Task objective: Take every line from the entries below that includes the word "VOLKSWAGEN" and copy it.

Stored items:
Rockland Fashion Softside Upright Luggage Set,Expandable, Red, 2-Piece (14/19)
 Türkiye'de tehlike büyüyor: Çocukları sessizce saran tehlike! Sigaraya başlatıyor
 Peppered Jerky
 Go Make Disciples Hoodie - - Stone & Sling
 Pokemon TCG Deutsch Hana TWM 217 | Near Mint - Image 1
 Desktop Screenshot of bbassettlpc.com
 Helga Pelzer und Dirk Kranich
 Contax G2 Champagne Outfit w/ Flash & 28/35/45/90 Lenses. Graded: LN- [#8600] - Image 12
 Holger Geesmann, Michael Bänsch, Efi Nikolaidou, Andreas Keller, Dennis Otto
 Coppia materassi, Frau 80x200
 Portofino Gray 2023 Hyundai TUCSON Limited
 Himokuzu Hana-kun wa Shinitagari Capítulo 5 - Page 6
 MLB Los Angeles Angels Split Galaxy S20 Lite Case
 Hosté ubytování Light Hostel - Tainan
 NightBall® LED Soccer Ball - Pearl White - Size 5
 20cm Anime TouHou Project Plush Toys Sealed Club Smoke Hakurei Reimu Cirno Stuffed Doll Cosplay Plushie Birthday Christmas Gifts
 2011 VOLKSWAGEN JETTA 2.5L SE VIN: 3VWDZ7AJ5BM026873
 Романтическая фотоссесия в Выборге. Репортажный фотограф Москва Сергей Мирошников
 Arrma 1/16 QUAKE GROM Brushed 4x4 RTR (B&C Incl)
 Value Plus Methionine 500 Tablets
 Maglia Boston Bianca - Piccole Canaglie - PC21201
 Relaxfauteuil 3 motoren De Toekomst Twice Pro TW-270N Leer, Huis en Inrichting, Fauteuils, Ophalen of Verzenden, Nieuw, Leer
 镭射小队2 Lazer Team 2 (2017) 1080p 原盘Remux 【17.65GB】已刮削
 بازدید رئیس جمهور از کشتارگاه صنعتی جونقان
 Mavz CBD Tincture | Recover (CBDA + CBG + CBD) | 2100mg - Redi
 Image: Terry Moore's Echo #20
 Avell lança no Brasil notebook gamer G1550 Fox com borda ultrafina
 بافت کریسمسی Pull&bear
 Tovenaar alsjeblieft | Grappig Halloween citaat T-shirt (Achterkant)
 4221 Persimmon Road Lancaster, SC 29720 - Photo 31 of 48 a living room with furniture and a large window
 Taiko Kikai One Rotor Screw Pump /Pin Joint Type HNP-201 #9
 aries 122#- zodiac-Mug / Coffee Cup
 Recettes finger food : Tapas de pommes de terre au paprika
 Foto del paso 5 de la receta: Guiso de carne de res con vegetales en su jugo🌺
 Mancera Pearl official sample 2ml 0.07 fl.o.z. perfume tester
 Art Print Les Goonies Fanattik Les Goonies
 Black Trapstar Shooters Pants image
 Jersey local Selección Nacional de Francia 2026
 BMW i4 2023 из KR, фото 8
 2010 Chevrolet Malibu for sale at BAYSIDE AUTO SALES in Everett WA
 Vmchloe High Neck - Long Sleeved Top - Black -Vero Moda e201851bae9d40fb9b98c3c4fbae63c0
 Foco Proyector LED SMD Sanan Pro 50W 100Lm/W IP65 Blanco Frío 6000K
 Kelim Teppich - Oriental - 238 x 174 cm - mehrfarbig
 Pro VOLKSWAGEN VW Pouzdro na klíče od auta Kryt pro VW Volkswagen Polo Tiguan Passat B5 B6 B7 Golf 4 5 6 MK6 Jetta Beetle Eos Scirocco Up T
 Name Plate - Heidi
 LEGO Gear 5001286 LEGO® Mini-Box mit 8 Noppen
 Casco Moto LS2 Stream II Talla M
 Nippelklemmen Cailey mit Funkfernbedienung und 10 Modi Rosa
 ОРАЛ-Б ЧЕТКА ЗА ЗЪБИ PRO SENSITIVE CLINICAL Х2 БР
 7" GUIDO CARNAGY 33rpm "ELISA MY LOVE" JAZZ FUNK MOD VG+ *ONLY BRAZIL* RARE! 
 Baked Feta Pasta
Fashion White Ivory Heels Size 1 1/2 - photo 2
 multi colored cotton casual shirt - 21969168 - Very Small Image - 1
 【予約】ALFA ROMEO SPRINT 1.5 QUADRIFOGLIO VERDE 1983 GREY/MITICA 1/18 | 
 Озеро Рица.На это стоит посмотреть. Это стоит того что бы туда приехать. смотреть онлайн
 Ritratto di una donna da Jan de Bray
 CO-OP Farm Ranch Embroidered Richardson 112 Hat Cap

Written solution:
 2011 VOLKSWAGEN JETTA 2.5L SE VIN: 3VWDZ7AJ5BM026873
 Pro VOLKSWAGEN VW Pouzdro na klíče od auta Kryt pro VW Volkswagen Polo Tiguan Passat B5 B6 B7 Golf 4 5 6 MK6 Jetta Beetle Eos Scirocco Up T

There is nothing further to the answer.